Can you please post a code snippet? Usually it is better to get an UI instance and provide it to the background thread instead of using UI.getCurrent()
I should’ve mentioned I did do that already. The reference to the UI is created before the thread is started. As for snippets it’s very hard because it’s quite complex code with processing, conditions, etc. and a bunch of ui.access(() -> ...) type of calls. In some cases I want to update as progress is being made and so on. It seems to work everywhere else but this one part of the code, and of course that’s the most complex and involved piece of code in the whole system. Murphy’s Law.
That being said do you, or anyone else, know what could cause a call to access to stop working intermittently? Is there anything specific I should be looking for in the code? Has anything changed? I didn’t see anything in the release notes. But again, is there anything that can cause that type of inconsistent behavior?
This is the weirdest thing in software … So if I read this right: there is a missed update for the progress bar? The server-client communication is likely websockets. And guessing that based on the sudden update and message is indeed missed and there is full re-sync because of that.

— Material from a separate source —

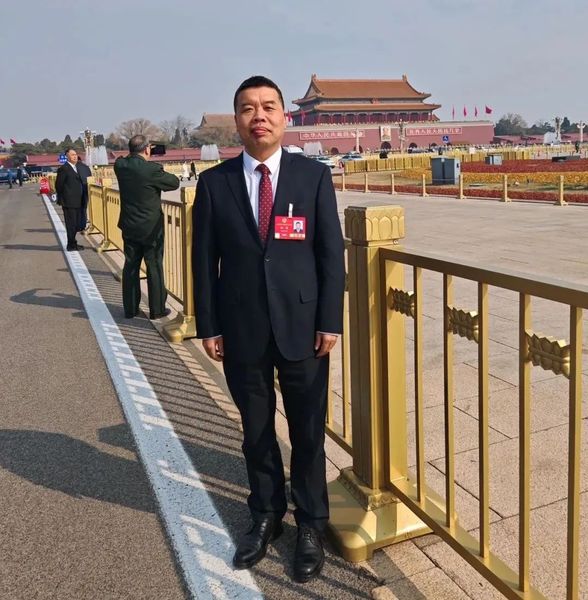 文章附图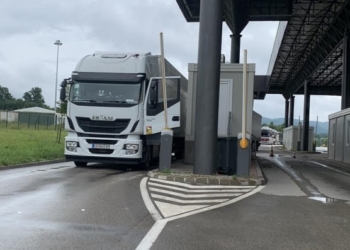 Transportuesit nga Kosova të rrezikuar në territorin e Serbisë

I saw some updates to communication in a recent Vaadin versions (I can’t find it now, but I look again) to make the communication more robust: it should be resending the previous message to avoid the full re-sync.
So, lot of question marks, but potentially, if everything the above matches, this could be an edge case and/or regression in that code.
It’s more removing the progress bar since I’m using an indeterminate progress bar. It’s more that nothing gets updated in some cases, unless I click on a GUI component (TextField, etc.) and then everything that has been queued just gets updated. Otherwise the progress bar just keeps going (keeping in mind it’s indeterminate progress bar). I moved it to a dialog because you can also click on the background as a way to force an update, which is much more likely to happen by a user wondering what’s taking so long.
The code is a thread that does some processing. As it’s processing it also does checks as it’s proceeding. If something fails then return is the easy one. But it’s also doing other things like updating some values and so on, getting values, and so on. Then when it’s all done the progress bar should go away and be replaced by the final result. In more detail it’s running a report and as it’s progressing it’s updating the user with some GUI updates (not through the progress bar) and when done you get the final report if that makes sense. Again it works most of the time but some times it gets stuck. The only way to “unstuck” it is to click on a GUI component and then everything is immediately updated. This is definitely new, the code used to work before.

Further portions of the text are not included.